In 2019, the first Pennsylvania toll booths started to change as the Turnpike Commission switched from a mix of manned stations and machines to a new, hands-off system.
It started years earlier with the E-ZPass devices that let drivers roll through while a transponder was read and an account charged. The next step was a new process that replaced people with pure electronics. Instead of a person or even a machine that accepted quarters in exchange for raising the bar at the booth, the commission would now rely on “toll by plate” for cars without E-ZPass.
Sure, there is a certain ease to it all. Don’t have $3 in quarters? Just drive through. The system will photograph your license plate, look you up and send the bill — at much higher rates than E-ZPass — to your home for you to pay at your convenience.
What could go wrong?
Well, in the ensuing two years, the Turnpike Commission has found out what could go wrong. In short, a lot of people could get those bills and throw them in the pile with junk mail.
The Associated Press obtained an internal turnpike report through a Right-to-Know Law request. That report showed 11 million rides in the last year generated no income for the cash-strapped commission.
It turns out that toll-by-plate drivers paid $124 million in tolls last year — but $104 million went unpaid by others not using the E-ZPass.
”We take this issue very seriously. It is a big number, there’s no question,” Chief Executive Mark Compton said. “But we, as an organization, are leaving no stone unturned in the way in which we’re going after that leakage.”
But is that true? It seems that one very obvious stone hasn’t been touched.
If the problem with toll-by-plate is that almost half of the people being billed for it aren’t paying the bill, it doesn’t look like a program that works.

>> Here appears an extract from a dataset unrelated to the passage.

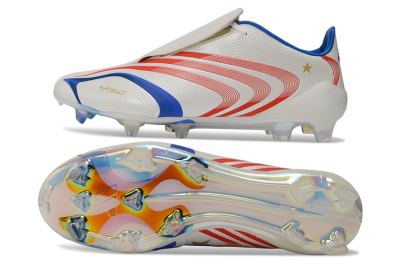 Adidas F50 Elite Tunit FG Firm Ground Soccer Cleats - White/Solar Red/Blue Rush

Maybe that’s because a bill sent to your house is easy to push off during a pandemic, and in an era of automated billing. Maybe it’s because people are conditioned to paying tolls on the spot; when the bill arrives weeks after the journey, it seems like a mistake. Maybe people think they can get away with ignoring the bill.
And maybe it’s that the Turnpike Commission has been trying to balance the budget by gouging the people using toll-by-plate. In January, when the new year was rung in with the annual toll increases, E-ZPass users saw their costs rise by an average of 6.7%. Toll-by-plate driver costs went up 51%.
That is not just distributing the cost. It’s deliberate. Compton said at the time the difference was intentional, to place the burden on those who “choose a pricier payment option.”
But they didn’t choose it. The Turnpike Commission did. And now the commission is finding out that convenience has some unexpected costs.